In May 2009, The American Lawyer reported that Am Law 100 firms had increased the number of non-equity partners threefold since 1999, but the number of equity partners grew by less than one-third. As big law leaders continue to pull up the ladder, what will come from the growing cadre of partners-in-name-only? Other than some short-term money for equity partners, nothing good.
Historically, most two-tier firms employed a simple strategy for non-equity partners: up-or-out. Within a reasonable period of time (for no benign reason, it’s gotten longer), non-equity partners either proved themselves worthy of elevation or moved on. Limited exceptions included specialized niche players who could stay indefinitely.
An article in the February 2012 issue of The American Lawyer, “Crazy Like a Fox,” suggests another option: permanent non-equity partners.
The Economic Case
Authors Edwin B. Reeser and Patrick J. McKenna offer financial justifications for the strategy. First, they say, clients unwilling to pay high hourly rates for first- and second-year associates have an easier time swallowing non-equity partner rates, even though they are much greater.
Sometimes, maybe. But clients are now scrutinizing the match between attorneys and their tasks. Using an unnecessarily expensive non-equity partner to perform associate work is dangerous.
Second, they argue, associate recruitment and training are expensive, with each new associate costing $250,000 to $300,000. As a class, Reeser and McKenna assert, “associates do not make money for the firm until sometime in the end of the third or even the fourth year.”

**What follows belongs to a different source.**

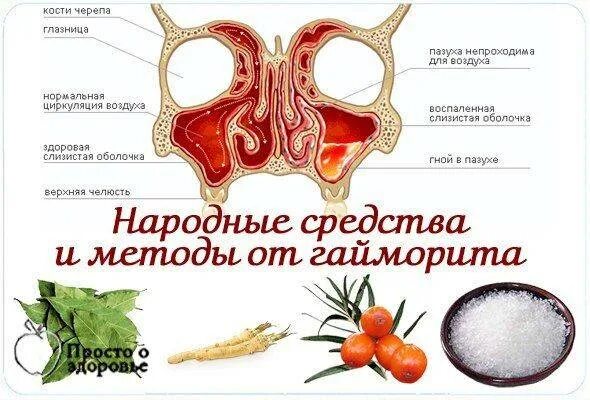 Как лечить синусит у взрослых без температуры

Maybe. But at current hourly rates and required minimum billables, the payback is probably sooner. (Do the math using an average profit margin of forty percent, which is conservative.) But their larger point is correct: non-equity partners are a source of leverage that for the Am Law 50 has doubled since 1985 — from an average of 1.75 to 3.54.
Whatever the debatable short-term economic gain, the long-run cost of expanding the non-equity ranks and making them permanent is far greater.
For starters, such lawyers become second class citizens. They know it. Everyone in the firm knows it. They may be decent, hard-working people. But once they receive the scarlet letter of permanent non-equity status, their morale plummets.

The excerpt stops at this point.